Começara por deixar a casa da família em Santa Maria, onde passei a minha infância e adolescência, para vir fazer os últimos dois anos do Liceu para Ponta Delgada, o meu concelho de nascimento, mas onde até então só vinha de férias uma vez por ano. A cidade era pois, para mim, então um espaço novo e grande, quando comparada com os limites do bairro da Belavista onde vivera ou com a rua direita de Vila do Porto.

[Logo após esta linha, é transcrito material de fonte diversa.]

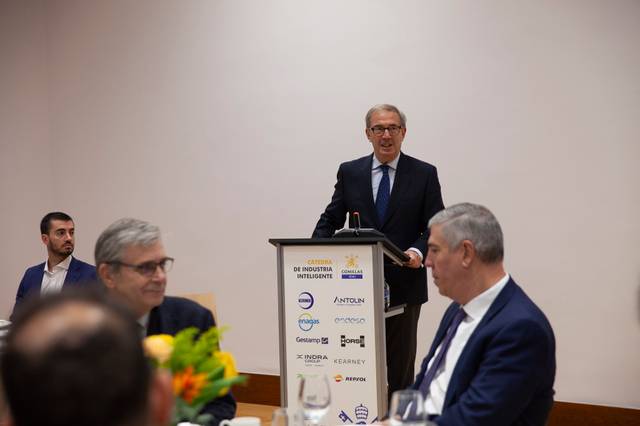 Un hombre está dando un discurso en un evento empresarial con varios asistentes escuchando atentamente.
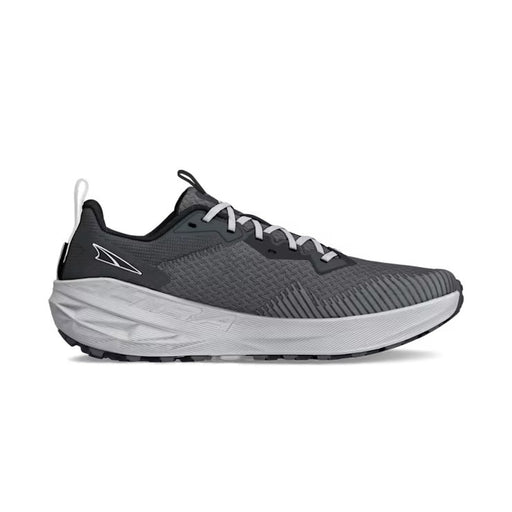 Side view of a gray trail running shoe with white laces against a white background. 
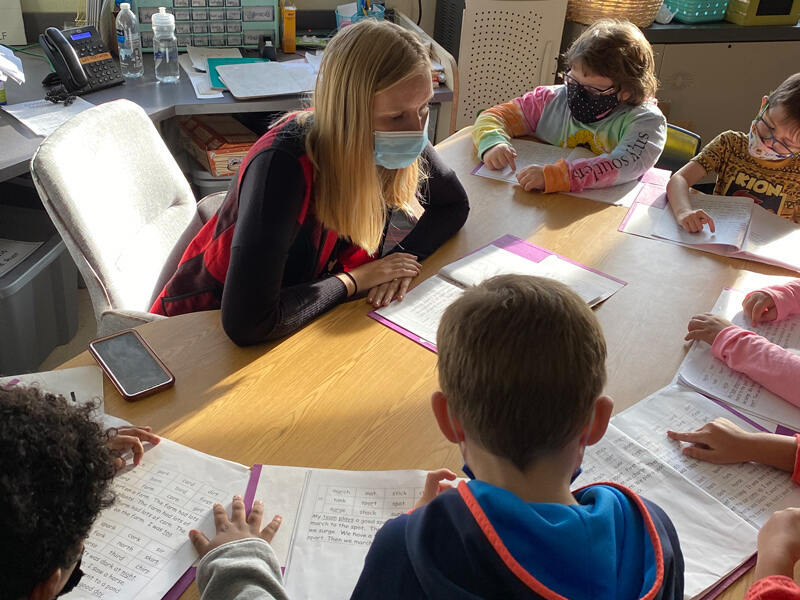 Ashley Rust, a first-grade teacher at Blades Elementary School, engages in a Bookworms lesson with her students.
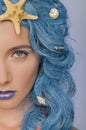 Portrait of woman with blue hair and shells Royalty Free Stock Photo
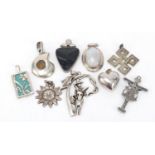 Nine silver pendants including a fossilised ammonite, love heart and crucifix, the largest 6.5cm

É certo que o cosmopolitismo de Santa Maria nos anos sessenta, moldado por muita gente de passagem que trabalhava no grande Aeroporto e as frequentes viagens ao estrangeiro e a Lisboa, me prepararam sem saber, para o encontro com a cidade, mas o início do ano letivo de 1972, fora para mim um deslumbramento. As novas disciplinas da alínea E (Direito) ajudaram: a filosofia dada pelo Mestre Rui Galvão de Carvalho, como gostava que o chamássemos, a organização política, o Latim e o Alemão completavam um encontro com novos saberes. Lia-se muito e as tertúlias no João Luís e no Gil, cafés que pontificavam na nossa preferência, eram espaços de convívio e discussão. O Gil era claramente um café diferente que vendia o Comércio do Funchal, o República e exibia ao lado das caixas de chocolate e dos bolos com creme, os livros proibidos da Compasso do tempo ou as últimas novidades literárias.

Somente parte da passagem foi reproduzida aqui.